▶ _Work item_
Once you find the line with "New 2026 Chevrolet" in the entries below, return exactly every line from it through the line with "Photo of 8505".

▶ _Records contained in a dataset_

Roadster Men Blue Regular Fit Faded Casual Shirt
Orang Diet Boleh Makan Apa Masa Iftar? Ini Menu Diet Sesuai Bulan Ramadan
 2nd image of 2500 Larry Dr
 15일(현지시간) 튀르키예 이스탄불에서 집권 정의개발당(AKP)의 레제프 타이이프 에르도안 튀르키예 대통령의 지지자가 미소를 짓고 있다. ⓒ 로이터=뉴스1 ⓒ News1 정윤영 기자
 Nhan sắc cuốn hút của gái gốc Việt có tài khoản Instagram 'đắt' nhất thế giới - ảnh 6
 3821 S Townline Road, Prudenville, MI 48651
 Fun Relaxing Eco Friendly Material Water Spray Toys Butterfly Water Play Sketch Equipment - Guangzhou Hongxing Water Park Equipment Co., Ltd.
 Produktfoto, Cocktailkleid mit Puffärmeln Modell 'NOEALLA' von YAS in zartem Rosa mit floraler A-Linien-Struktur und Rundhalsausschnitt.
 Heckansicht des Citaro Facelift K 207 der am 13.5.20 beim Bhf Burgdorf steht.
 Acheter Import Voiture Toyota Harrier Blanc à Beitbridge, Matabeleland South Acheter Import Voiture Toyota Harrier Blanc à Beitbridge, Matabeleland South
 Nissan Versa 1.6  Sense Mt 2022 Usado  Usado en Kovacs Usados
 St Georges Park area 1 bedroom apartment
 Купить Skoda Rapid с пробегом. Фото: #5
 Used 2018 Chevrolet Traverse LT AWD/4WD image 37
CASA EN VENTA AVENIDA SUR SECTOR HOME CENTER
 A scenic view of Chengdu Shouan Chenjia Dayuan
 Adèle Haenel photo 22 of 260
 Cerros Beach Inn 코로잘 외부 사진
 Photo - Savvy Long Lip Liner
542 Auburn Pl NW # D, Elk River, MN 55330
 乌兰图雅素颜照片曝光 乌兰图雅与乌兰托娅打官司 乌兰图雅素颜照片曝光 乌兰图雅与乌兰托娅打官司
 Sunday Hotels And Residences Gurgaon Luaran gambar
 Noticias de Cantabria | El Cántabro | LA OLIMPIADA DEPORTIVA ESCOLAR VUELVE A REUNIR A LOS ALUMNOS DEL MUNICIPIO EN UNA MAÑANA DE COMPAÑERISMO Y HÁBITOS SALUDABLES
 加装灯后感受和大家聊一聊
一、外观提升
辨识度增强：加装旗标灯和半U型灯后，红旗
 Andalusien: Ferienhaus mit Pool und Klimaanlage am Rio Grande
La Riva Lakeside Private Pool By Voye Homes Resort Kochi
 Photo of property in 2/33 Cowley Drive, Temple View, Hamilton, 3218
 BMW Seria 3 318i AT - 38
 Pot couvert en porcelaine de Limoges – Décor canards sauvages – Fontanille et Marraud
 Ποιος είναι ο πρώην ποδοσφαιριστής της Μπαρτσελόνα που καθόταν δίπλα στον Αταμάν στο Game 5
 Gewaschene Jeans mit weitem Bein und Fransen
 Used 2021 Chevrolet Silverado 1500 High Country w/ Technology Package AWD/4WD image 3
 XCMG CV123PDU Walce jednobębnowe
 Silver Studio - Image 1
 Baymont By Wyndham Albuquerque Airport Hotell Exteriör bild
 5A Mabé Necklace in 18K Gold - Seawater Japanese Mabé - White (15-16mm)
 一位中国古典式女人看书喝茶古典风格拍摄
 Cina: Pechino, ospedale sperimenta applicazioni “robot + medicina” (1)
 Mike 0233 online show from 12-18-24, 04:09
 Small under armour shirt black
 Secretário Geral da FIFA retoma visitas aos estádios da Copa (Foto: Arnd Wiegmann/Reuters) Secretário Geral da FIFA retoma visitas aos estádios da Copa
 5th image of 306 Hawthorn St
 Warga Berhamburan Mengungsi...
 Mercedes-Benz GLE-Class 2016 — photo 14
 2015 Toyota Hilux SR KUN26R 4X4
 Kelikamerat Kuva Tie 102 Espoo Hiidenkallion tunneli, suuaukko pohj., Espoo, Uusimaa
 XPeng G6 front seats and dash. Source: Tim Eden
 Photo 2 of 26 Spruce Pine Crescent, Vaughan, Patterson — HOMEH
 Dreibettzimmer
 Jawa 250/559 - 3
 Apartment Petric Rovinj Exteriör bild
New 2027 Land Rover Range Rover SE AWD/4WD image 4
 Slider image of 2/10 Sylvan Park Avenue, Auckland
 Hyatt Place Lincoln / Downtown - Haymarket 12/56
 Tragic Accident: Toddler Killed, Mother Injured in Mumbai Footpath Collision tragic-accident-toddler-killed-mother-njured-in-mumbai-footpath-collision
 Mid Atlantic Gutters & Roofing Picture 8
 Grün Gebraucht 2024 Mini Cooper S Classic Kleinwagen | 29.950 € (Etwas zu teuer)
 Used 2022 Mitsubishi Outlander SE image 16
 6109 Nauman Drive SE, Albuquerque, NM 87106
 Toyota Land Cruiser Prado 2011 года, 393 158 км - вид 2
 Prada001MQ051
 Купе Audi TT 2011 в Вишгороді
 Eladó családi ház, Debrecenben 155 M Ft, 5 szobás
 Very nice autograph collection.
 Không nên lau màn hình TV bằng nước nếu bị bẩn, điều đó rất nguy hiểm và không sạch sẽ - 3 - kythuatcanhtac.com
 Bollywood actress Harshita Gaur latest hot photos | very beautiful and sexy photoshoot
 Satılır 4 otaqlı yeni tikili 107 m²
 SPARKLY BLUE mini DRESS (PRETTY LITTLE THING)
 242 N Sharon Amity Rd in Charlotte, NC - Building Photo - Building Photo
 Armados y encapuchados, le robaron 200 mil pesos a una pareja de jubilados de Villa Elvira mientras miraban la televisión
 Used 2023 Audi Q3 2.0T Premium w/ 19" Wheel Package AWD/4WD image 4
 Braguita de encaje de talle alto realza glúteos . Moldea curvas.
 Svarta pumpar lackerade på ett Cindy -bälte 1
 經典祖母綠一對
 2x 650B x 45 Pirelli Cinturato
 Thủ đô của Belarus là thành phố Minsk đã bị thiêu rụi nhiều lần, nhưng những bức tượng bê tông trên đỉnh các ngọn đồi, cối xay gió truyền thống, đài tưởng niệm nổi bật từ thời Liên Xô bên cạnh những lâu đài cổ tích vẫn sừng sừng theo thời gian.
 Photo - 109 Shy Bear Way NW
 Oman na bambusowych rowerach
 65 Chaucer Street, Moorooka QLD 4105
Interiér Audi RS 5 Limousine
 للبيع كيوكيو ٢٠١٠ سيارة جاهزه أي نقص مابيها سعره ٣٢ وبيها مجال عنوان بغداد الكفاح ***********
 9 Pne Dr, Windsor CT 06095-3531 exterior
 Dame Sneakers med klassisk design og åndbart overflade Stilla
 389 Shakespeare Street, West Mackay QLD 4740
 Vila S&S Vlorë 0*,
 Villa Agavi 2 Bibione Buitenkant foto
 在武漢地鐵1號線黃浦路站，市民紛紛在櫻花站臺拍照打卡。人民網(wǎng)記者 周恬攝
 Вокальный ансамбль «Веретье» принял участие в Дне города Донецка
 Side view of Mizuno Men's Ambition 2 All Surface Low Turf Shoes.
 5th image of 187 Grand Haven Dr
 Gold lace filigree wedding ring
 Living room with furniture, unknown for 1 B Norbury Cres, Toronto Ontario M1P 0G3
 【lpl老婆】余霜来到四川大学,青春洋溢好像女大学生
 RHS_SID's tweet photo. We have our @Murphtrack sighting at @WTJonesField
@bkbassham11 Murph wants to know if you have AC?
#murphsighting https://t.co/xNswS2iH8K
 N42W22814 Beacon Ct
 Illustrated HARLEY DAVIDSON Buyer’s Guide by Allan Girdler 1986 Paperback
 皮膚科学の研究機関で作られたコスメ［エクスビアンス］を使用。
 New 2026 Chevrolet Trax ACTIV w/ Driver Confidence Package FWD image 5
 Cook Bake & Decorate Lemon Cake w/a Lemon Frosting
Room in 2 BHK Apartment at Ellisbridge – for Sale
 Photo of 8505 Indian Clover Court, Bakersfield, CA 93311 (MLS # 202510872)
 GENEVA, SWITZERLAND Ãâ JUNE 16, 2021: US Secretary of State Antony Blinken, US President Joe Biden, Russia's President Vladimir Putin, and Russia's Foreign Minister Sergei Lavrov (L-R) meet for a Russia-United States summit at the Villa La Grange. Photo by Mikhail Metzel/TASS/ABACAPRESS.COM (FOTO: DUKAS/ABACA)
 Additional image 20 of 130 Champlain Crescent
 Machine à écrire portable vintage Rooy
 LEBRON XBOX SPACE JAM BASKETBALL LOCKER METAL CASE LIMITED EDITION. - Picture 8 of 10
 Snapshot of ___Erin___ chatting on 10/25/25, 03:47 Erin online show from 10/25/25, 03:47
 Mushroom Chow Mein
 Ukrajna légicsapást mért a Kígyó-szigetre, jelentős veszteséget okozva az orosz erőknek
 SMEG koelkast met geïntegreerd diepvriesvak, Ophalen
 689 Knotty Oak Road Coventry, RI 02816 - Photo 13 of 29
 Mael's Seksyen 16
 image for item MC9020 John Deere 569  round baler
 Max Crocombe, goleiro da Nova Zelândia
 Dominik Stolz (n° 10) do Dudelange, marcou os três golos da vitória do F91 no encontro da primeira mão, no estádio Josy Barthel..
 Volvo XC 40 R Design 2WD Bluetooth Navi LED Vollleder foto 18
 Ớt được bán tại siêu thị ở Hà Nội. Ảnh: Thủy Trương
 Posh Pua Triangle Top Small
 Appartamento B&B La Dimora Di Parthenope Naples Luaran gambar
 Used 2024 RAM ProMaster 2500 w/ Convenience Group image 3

▶ _Task result_
 New 2026 Chevrolet Trax ACTIV w/ Driver Confidence Package FWD image 5
 Cook Bake & Decorate Lemon Cake w/a Lemon Frosting
Room in 2 BHK Apartment at Ellisbridge – for Sale
 Photo of 8505 Indian Clover Court, Bakersfield, CA 93311 (MLS # 202510872)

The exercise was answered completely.